I have re-watched some of the Back to Eden videos online and am very
encouraged to hear Paul Gautschi talk about early "problems" and how
he combated them. Were this simply my home vegetable garden the problems
I am having would not be quite so frightening, however, we sell weekly boxes of
vegetables and I must find answers quickly or possibly loose some of my
customers.
The fun part is learning how to use a new
type of gardening that not only lessens the work that goes into growing the
vegetables, but conserves water (we are on a well-and they are frightfully
expensive to drill if you run it dry!) and does not take tilling. When
you till the ground, you may lose what little good soil you have, by covering
it with the chips, you add to what you already have -it just takes time!

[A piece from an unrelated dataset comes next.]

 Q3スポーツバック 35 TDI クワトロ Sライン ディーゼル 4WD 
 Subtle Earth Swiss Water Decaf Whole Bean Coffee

I grow in raised beds as well and they
have proven to be a real help. Since winter squash takes up so much room in the
Main Garden, I use the beds to grow them. At this time I am limited in
types I can produce adequately and keep it to Acorn and Sweet Meat squash.
If you have never had Sweet Meat Squash it's a must try! The outside of
the actual squash look much like a lime green pumpkin that has been dusted with
flour. Last year I had many that weighed between 5 and 20 lbs. A couple
of reasons I like this squash are that you can actually cut it with a knife and
it is ready earlier than Hubbard. The inside is deep orange and is
unbelievably sweet. I cut the squash in half, scoop out the seeds, place
it cut-side down on a cookie sheet with just a small amount of water and roast
it in the oven at 350 Degrees Fahrenheit. Last year I had one that
weighed 19lbs 15 oz and it took close to 2 hours. Most only take about an hour
to an hour and a half. Once a fork will pierce it easily, I scoop out the flesh
and toss the rind into the compost pile. At this point I simply freeze it in
quart bags and pull it out all winter long to heat and enjoy. Don’t add
anything to it until you have tasted it, we use it with no additions. It's absolutely delicious!! Give it a try.